Advances in the genetics, pathology and cell biology underlying chronic neurodegenerative disease have identified pathways that trigger neurodegeneration and contribute to disease onset and progression. Denali is applying deep scientific and drug development expertise to fully harvest the potential of these pathways in order to discover effective molecular therapeutics.
Rapid progress in identifying human genetic risk associated with neurodegenerative disease has revealed numerous genes involved in neurodegeneration. Degenogenes, genes that cause neurodegenerative disease when mutated, represent highly validated targets for drug development.
Trafficking of cargo allows cells to efficiently maintain distinct functional domains. The endolysosomal system is involved in the trafficking, digestion, and processing of cellular components. A reduced ability of cells to appropriately direct molecules to and from the endolysosomal system is associated with several neurodegenerative disorders. Therapeutics designed to modulate intracellular trafficking are a promising approach to treat neurodegeneration.

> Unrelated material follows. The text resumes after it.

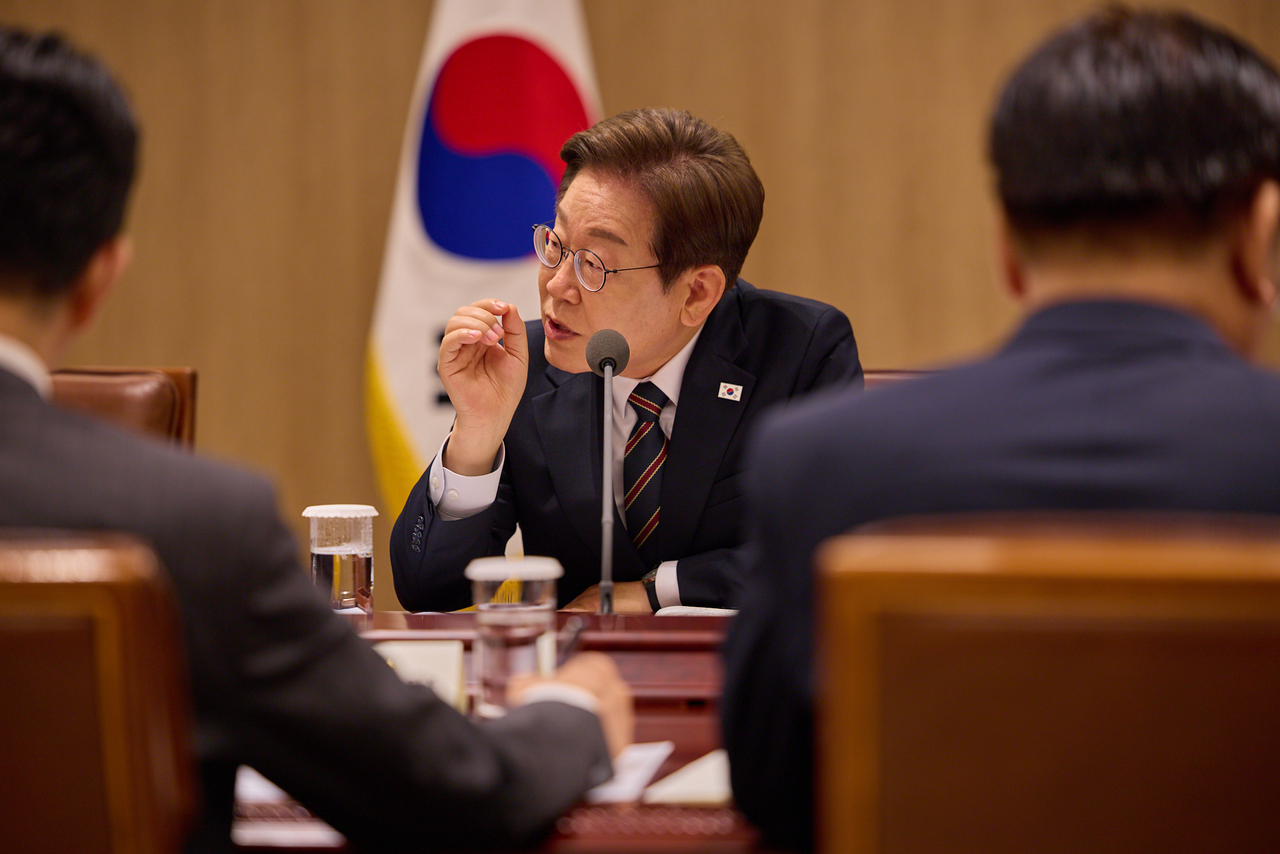 President Lee Jae-myung speaks at a task force meeting held Monday at the presidential office in Yongsan, central Seoul. (Presidential office)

The human brain contains several types of glial cells. These cells serve various functions in the brain, including supporting neuronal health, pruning neuronal synapses, and providing immune surveillance and response. Genetic and pathological data suggest that glial dysfunction significantly contributes to neurodegenerative disease. Correcting glial dysfunction represents an attractive therapeutic strategy.
The functional decline observed in diseases such as Alzheimer’s, Parkinson’s and ALS is caused by the elimination of connections between neurons and the subsequent degeneration of axons. Therapies that block axon degeneration have the potential to halt disease progression.